▶ **TO DO**:
Transcribe word for word the section of the records below that opens with the line containing "Cars Fiat 500" and closes with the line containing "All Starts With Ubume Chapter 135"; drop every picture.

▶ **SOURCE MATERIAL**:
++++++++++++++++++++
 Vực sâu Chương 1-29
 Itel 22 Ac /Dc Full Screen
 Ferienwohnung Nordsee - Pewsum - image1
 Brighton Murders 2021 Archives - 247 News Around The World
++++++++++++++++++++
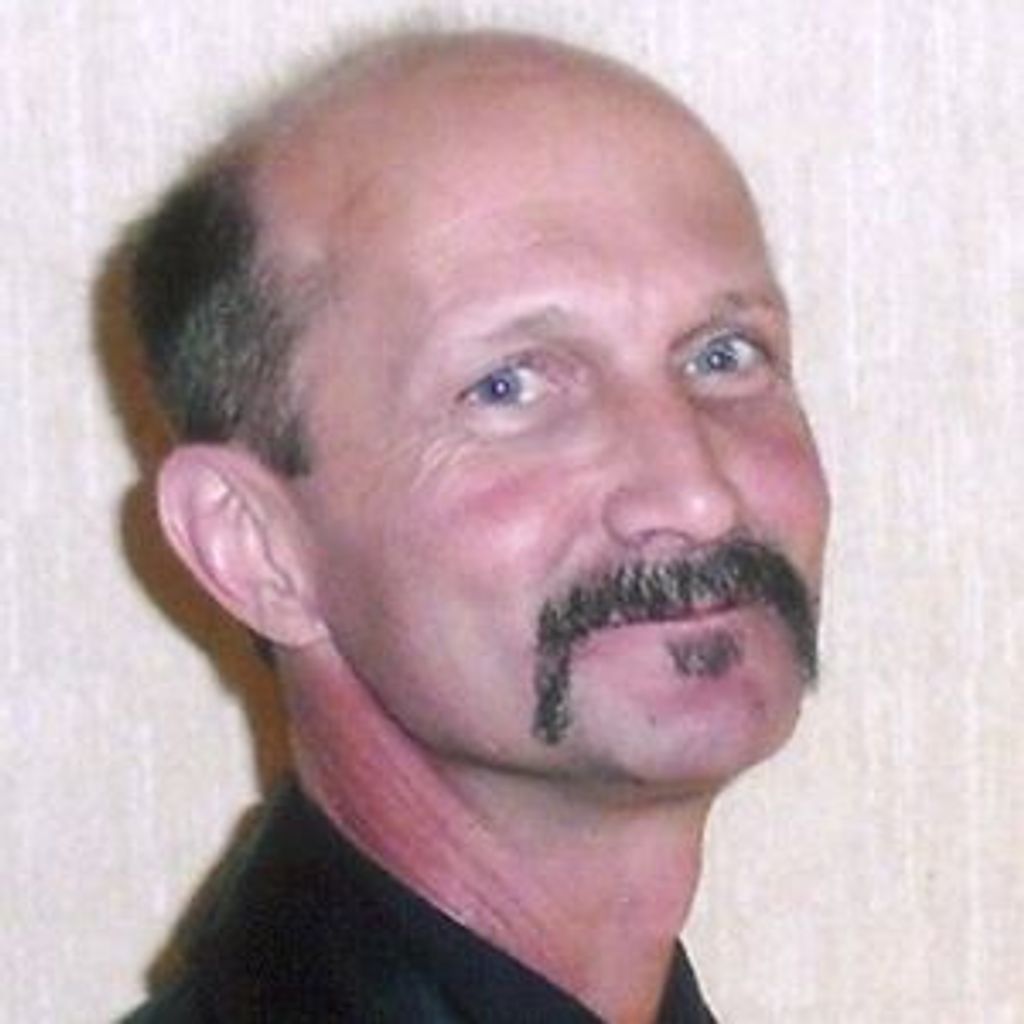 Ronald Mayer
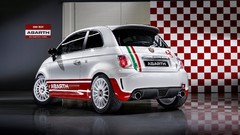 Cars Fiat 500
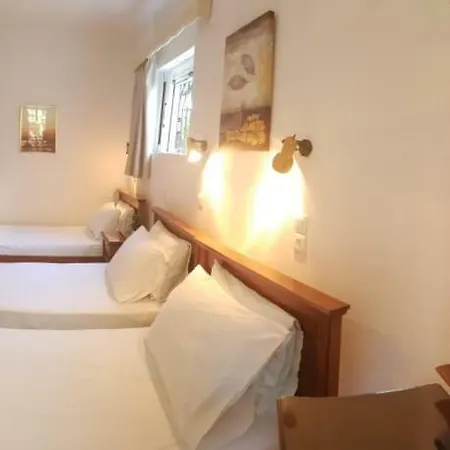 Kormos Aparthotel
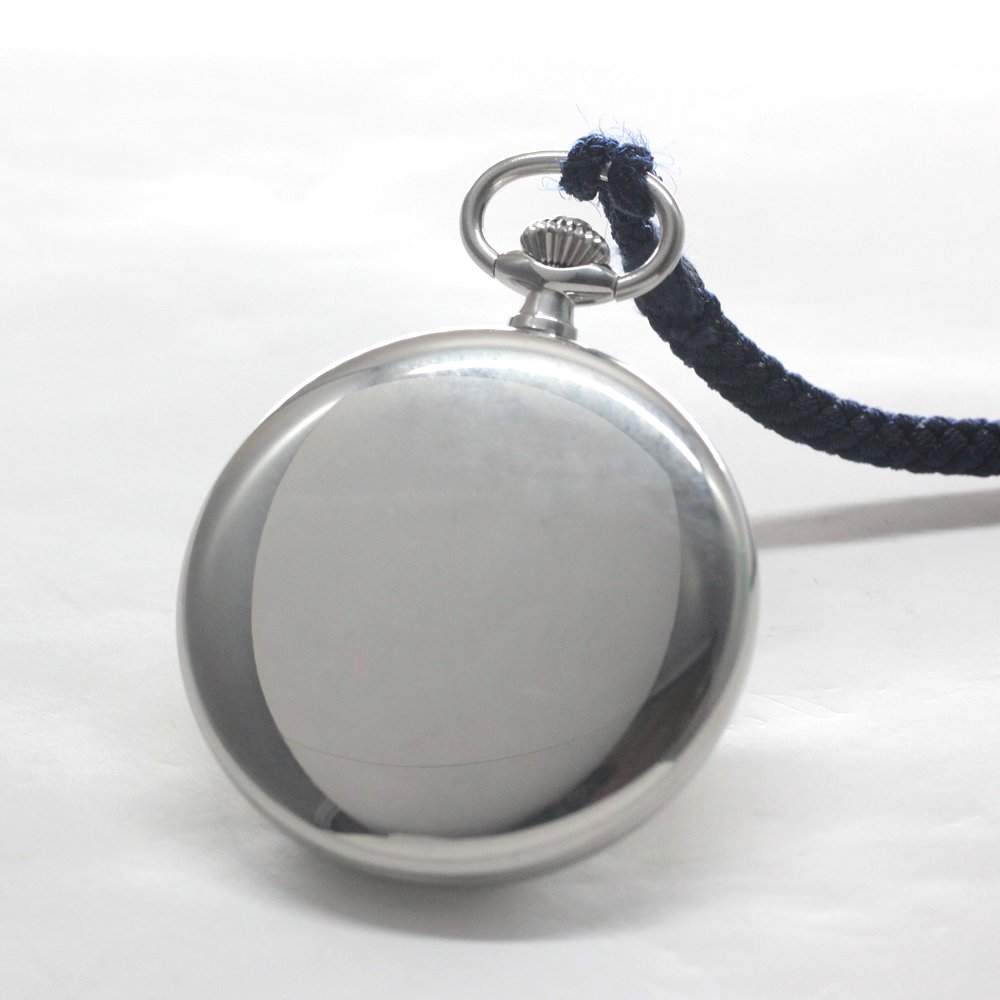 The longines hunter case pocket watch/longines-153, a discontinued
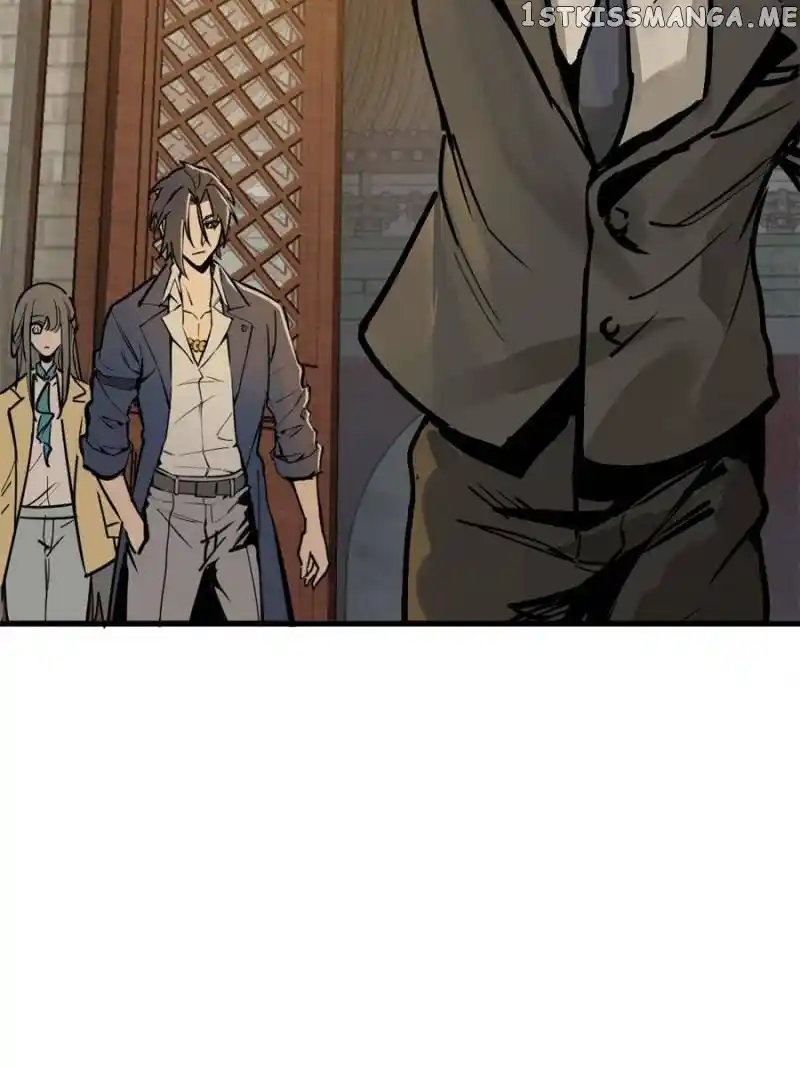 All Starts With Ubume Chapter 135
++++++++++++++++++++
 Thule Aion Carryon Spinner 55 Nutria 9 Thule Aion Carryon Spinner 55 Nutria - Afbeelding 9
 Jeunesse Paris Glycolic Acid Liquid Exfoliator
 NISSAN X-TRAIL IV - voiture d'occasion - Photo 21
++++++++++++++++++++
▶ **TASK ANSWER**:
 Cars Fiat 500
 Kormos Aparthotel
 The longines hunter case pocket watch/longines-153, a discontinued
 All Starts With Ubume Chapter 135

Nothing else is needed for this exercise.